Published:Wednesday | September 23, 2015 | 12:00 AMBarbara Gayle Justice Coordinator

A lawyer has taken the Council of Legal Education, which runs the Norman Manley Law School, to the Supreme Court to challenge its refusal to admit him to the law school to pursue the six-month course to qualify to practice law in Jamaica.

Owen Roach is contending that the law degree he obtained in 2001 from Middlesex University is of equivalent rating to the LLB offered at the University of the West Indies (UWI).

Lawyers who are already called to the bar in the UK or a Commonwealth country are required to do a six-month programme before they can be allowed to practice law in Jamaica.

Roach is seeking leave to go to the Judicial Review Court to quash the council's decision not to admit him to Norman Manley for the September 2015 academic year.

The application is set for hearing on October 13.

He is also seeking an expedited hearing for judicial review.

Roach, who is a barrister residing in London, obtained a joint double major Bachelor’s degree in law and politics ‎at the Middlesex University in the United Kingdom.

He is a citizen of Montserrat and therefore a citizen of CARICOM and is expected to apply to the Law School in Jamaica, he states in court documents.

Roach, who is being represented by attorney Seymour Stewart, is seeking an order of certiorari to quash the council's decision that his degree is not of equivalent rating to the LL.B offered at the UWI.

He is also seeking a declaration that the said degree is of equivalent rating with the LL.B offered by the UWI and that he is ‎eligible for admission into the Law School.

Roach is asking the court to grant him an order of mandamus to compel the respondent to process his application for the academic year to commence in September 2015 and treat it as an application for the academic year to commence in September 2016.

The court will also be asked to grant declarations that the council's decision to refuse Roach's application to the Law School was irrational and unreasonable.

Roach is asking the court to find that the decision of the Council of Legal Education to reject his application is disproportionate to its objective to maintain its reputation and integrity.

Roach will be seeking permission that he be allowed to take part in the application by way of live video link or any other electronic means by which he may be seen and heard.

He contends that the council failed to take into account the fact that Middlesex University is listed as one of the conferring institutions mentioned at appendix 8 of the 1996 Report of the Review Committee on Legal Education in the Caribbean.‎

According to Roach, the council has failed to recognise that there is no essential or material difference between the academic standard required of him to be called to the Bar in England & Wales and the Eastern Caribbean and that in Jamaica.

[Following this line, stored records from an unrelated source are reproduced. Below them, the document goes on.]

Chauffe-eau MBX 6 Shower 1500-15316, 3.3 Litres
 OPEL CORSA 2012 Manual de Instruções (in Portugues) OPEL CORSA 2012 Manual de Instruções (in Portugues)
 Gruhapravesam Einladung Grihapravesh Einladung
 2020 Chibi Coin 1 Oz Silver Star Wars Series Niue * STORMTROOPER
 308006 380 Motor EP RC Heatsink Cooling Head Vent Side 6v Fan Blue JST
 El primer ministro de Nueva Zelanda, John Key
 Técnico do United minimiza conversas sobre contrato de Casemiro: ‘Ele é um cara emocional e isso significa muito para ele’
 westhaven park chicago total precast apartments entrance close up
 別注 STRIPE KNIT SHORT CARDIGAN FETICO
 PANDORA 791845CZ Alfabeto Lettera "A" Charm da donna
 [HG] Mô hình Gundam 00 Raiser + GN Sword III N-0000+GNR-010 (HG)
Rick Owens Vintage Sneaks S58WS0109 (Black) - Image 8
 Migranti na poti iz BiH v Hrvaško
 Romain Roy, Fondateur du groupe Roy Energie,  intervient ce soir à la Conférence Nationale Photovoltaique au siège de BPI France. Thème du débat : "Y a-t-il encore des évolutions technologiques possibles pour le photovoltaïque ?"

He said the council has failed to take into account the fact that the General Council of the Bar in England & Wales has a similar system of assessing the core content of law degrees before admitting applicants to the bar in England & Wales.

Roach disclosed that he tried to resolve the matter with the council since March 2015 when the adverse decision was made but without success and there is no alternative form of redress.